Ex-Teilnehmer: „Hier wurde ich nie fallen gelassen“

Ex-Teilnehmer: „Hier wurde ich nie fallen gelassen“

#Peer25 feiert Jubiläum – 10 Jahre Hilfe auf Augenhöhe

Constantin Rolfs Leben verlief nicht, wie es für einen jungen Menschen verlaufen sollte. Von seinem achten bis elften Lebensjahr war er in Tagesgruppen untergebracht, kam mit 13 Jahren in die Psychiatrie, lebte von seinem 14. Lebensjahr an nicht mehr zuhause, sondern in Wohngruppen, erlebte einen vierwöchigen Aufenthalt im Jugendarrest und war von seinem 18. Lebensjahr an immer wieder von Obdachlosigkeit betroffen. Er hatte Probleme mit Depression und Drogenabhängigkeit. Bis er auf das Projekt #Peer25 aufmerksam wurde, das in diesem Jahr sein zehnjähriges Jubiläum feiert.

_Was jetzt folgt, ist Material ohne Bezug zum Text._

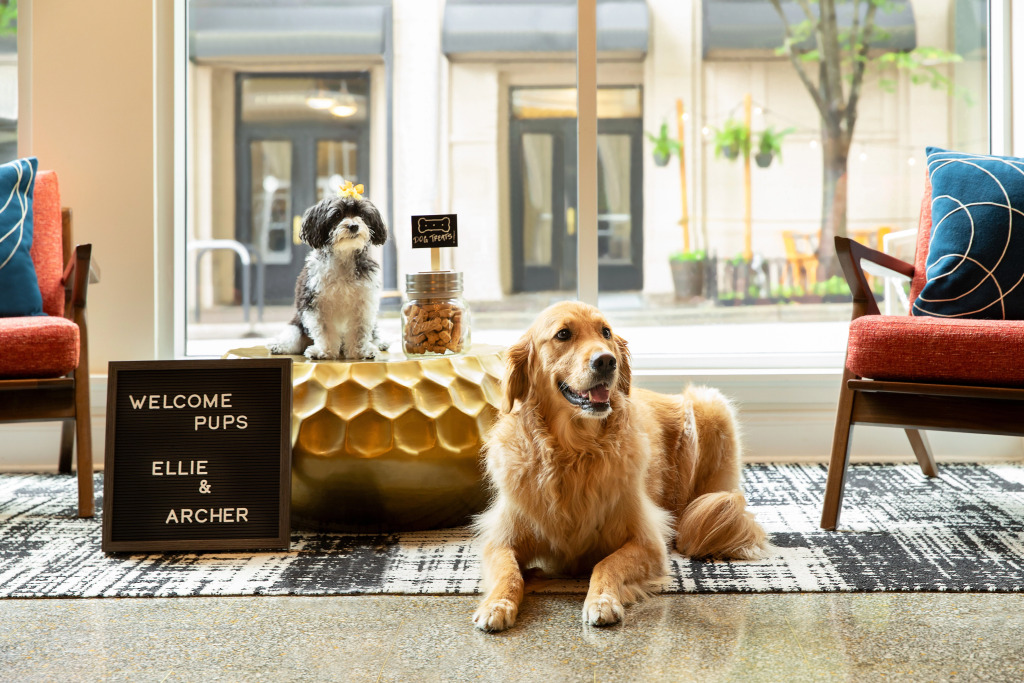 Hotel Indigo - Winston-Salem Downtown by IHG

#Peer25 ist ein gemeinsames Projekt des Jobcenters und der Kreisvolkshochschule Aurich, das sich an junge Menschen zwischen 20 und 24 Jahren richtet, die auf der Suche nach einem Ausbildungsplatz oder einer Arbeit sind. Ziel ist es, durch eine individuelle Ansprache von Peer-Workern, also Menschen, die bereits gleiche oder ähnliche Erfahrungen gemacht haben, und Förderung durch Kleingruppen und Einzelberatung neue Perspektiven zu schaffen.

Seit 2014 unterstützt #Peer25 junge Menschen auf ihrem Weg in die berufliche und persönliche Zukunft. Auf Augenhöhe. Rolf gehörte zu den ersten, die das Angebot wahrnahmen.

„Ehrlicherweise dachte ich mir nur: geil, da gibt es Essen umsonst“, erinnert sich Rolf.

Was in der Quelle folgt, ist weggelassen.